先日とある税理士の会合で、ベテラン先生から聞いたお話。

HPを持っていない方なのでどうやって顧問料を決めているのですか?と聞いたところ

「相手の足元見て決める」

とのことでした。

つまり、相手がどれだけ払えるのか懐次第であると。

相手の懐が見えたところで、それなりの顧問料の内訳を提示し、納得させるとのことです。

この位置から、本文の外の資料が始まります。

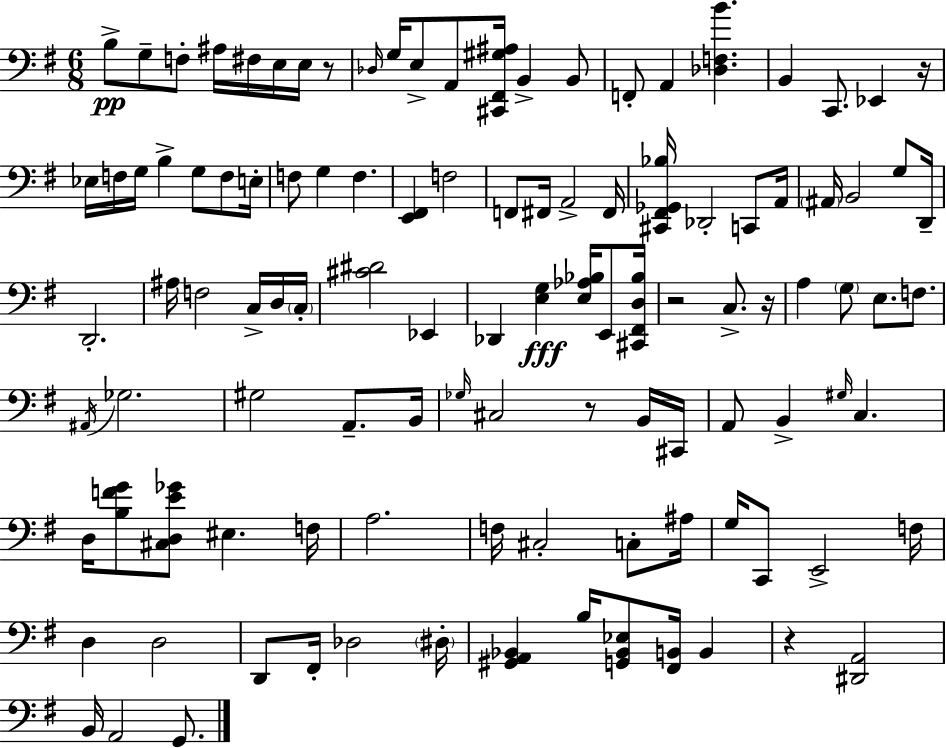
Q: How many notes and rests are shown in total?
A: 110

率直に言ってこれは今の時代通用する訳ない、と思いました。

と同時に、このような方を反面教師として価格設定することの大事さを考えてみました。

都度価格が変わることの弊害

その都度価格を変えるというのは普通のサービスでは考えられないでしょう。

例えば、八百屋さんをやっていて、通常だったら100円で売っているリンゴを、

  • あまりお金を持っていない人には50円で
  • お金を持っている人には200円で

売る事はできないですよね。

サービスというのは付加価値を与える行為だと思っています。

その都度価格を変えれば、そのサービスの付加価値の説明が不可能になってしまいます。

付加価値の情報を公開することの大事さ

税理士業界では、価格を明確にしていない事務所がたくさんあります。

確かに、税務顧問というのは実際に作業として行う税務申告書作成以外にも、

  • いつでも相談できるという保険的な意味合いでの料金
  • いつ来るか分からない税務調査対応などの精神的負担

など目に見えない部分のサービスがあるため価格設定は難しい部分があります。

それでも何らかの料金表は作るべきだと考えています。

この税理士に顧問料を支払えばどのようなメリット(=付加価値)があるのか?という情報は少ないよりは多い方が良いでしょう。

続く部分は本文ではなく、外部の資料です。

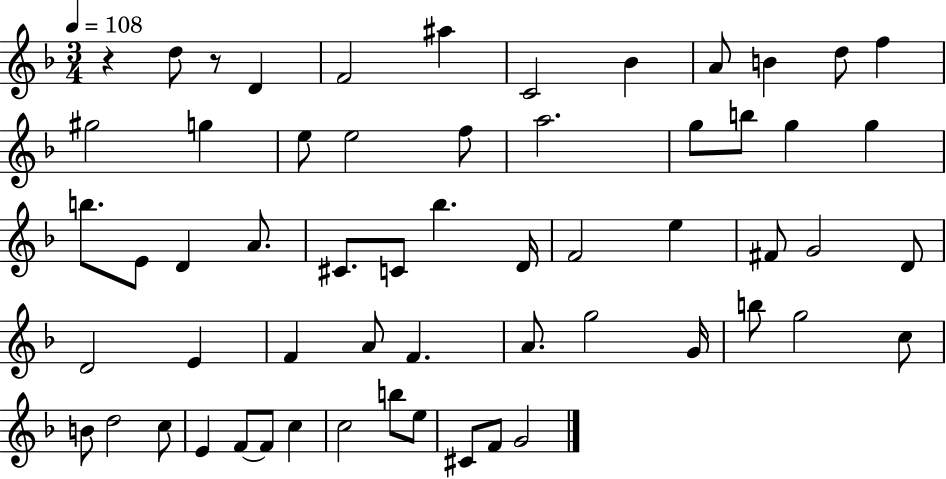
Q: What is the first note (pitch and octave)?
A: D5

私自身、依頼されたことのない業務を依頼された場合もまず自分のHPに載せている料金を基準に説明し、見積もります。

情報公開していないサービスに対してお金を払いたいという人はいないはずです。

価格設定はビジョン

価格設定のない(都度価格を変える)サービスは、ビジョンのないサービスだと思います。

例えば私の場合はフリーランス、副業を行っている会社員、小規模ベンチャーをメインターゲットとしていますので顧問料は必要最低限に抑えています。

従業員を雇わず1人でサービス提供をする、という方針もあるので時間ばかりかかる記帳代行は希望がない限り基本的に行っていません。

価格設定を行わない、ということはターゲットもサービス内容も明確にしないことになります。

昔はそれで成り立っていたのかもしれませんが、ビジョンのないサービスは今後長続きしないと思っています。

まとめ

ベテラン先生の言葉に疑問を感じ、自分の価格(付加価値)を明確にする=ビジョンを持つことの大事さについて書きました。

人生の先輩に様々な経験を聞けること自体は良い事です。

しかし親のアドバイスが今の時代に通用しないのと同じで、一昔前の成功例は役に立たない事が多いです。

このような情報は参考程度にして、自分で試行錯誤しながら付加価値のあるサービスを考えていきます。

編集後記

昨日は税理士会の部会の後、1人で夜桜を見に行きました。

風が強く、桜が舞っていてとても綺麗でした。